Horizontale comme le lagon portugais éponyme, l’installation de Sara da Silva Santos s’étend sur deux salles du CACY. L’artiste, fraîchement diplômée de la HEAD – Genève et lauréate des New Heads – Fondation BNP Paribas Art Awards 2018, a reçu carte blanche pour investir l’espace du Centre d’art et présenter ainsi au public une première exposition personnelle. Sa réflexion questionne le lieu, la surface et la matière, de son atelier à l’habitat, tout en jouant sur les contraintes du Centre d’art.

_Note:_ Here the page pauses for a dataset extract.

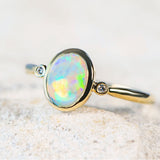 'Vicenta' Gold Australian Crystal Opal Ring - Black Star Opal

En 2015, Sara da Silva Santos qui vient d’une pratique de la peinture est en train de réfléchir à la matière qu’est la toile. Comment la toile pourrait-elle être utilisée autrement que comme un format défini et contraint par le châssis ? Le tissu l’intéresse pour son aspect modulable, extensible, transposable. Concours de circonstances, au même moment, elle loue un nouvel atelier dans un vieil immeuble dont le sol est pour ainsi dire impraticable. Elle réfléchit à le remplacer par un parquet flottant pour pouvoir optimiser son espace de travail. Ses réflexions de plasticienne sur la matière glissent progressivement de la toile au sol et vont lui permettre par le biais de différentes interventions de mettre la peinture en relation avec l’espace, la superficie et le volume. C’est ainsi que son intérêt se porte désormais sur le parquet. Un élément modulable, transportable qui ne se limite pas seulement à recevoir de la peinture, mais lui permet également de questionner un lieu, son architecture et sa fonction. Durant les études de Sara da Silva Santos, différents étapes vont se dérouler en fonction des jurys successifs de la HEAD – Genève qui se tiennent tous les six mois avant de trouver une forme déployée à l’échelle du CACY à l’automne 2018.
Première étape, en juin 2016, Sara da Silva Santos recouvre les 19 mètres carrés du sol de son atelier par un parquet flottant et le peint d’une grille rappelant la trame quadrillée de photoshop. Quelques couleurs s’immiscent toutefois librement dans la composition pour en rompre la stricte orthogonalité. Six mois plus tard, elle déplace les lattes du parquet pour couvrir la totalité du couloir qui mène de l’entrée à son atelier. La composition de base est alors scindée en deux et les vides laissés dans l’atelier sont comblés par de nouvelles lattes. Ces deux interventions – réalisées à la main – soulèvent des questions relatives à la peinture en se concentrant sur la surface et la composition avec un esprit parfois amusé qui offre quelques jeux illusionnistes. Mais elles interrogent également l’histoire du lieu : le parquet flambant neuf et parfaitement rectiligne réveille la décrépitude des murs qui ont vieilli et dont la peinture s’écaille. Si le parquet est la « star des revêtements intérieurs » comme le vendent certains marchands, le « premier prix » choisi par Sara n’a rien d’authentique, de chaleureux ou d’élégant. Il est fonctionnel avant tout. Sara da Silva Santos le déplace lors d’une troisième présentation dans une salle de la HEAD – Genève en le disposant verticalement, contre les murs. Visuellement, la peinture est présentée, sans retouche, ni ajouts, adossée aux murs, et conceptuellement, la surface de son atelier s’est déplacée dans une salle extérieure. Une quatrième et dernière présentation pour les jurys de fin d’études est à nouveau installée par terre, dans une salle de la HEAD – Genève, augmentée de matelas gonflables pour mieux recevoir le public qui est invité à écouter une pièce sonore.
Enfin, dans lagoa rasa, autrement dit la cinquième étape du projet, Sara da Silva Santos a intégré les mètres carrés de son atelier dans les 160 mètres carrés de la surface mise à sa disposition au CACY. Le Centre d’art prend des airs domestiques avec un parquet recouvrant la pierre historique du bâtiment et le regardeur déambule dans l’œuvre. En immersion, il peut percevoir les strates progressives d’une peinture qui ne cesse de s’étendre en fonction de ses lieux de présentation.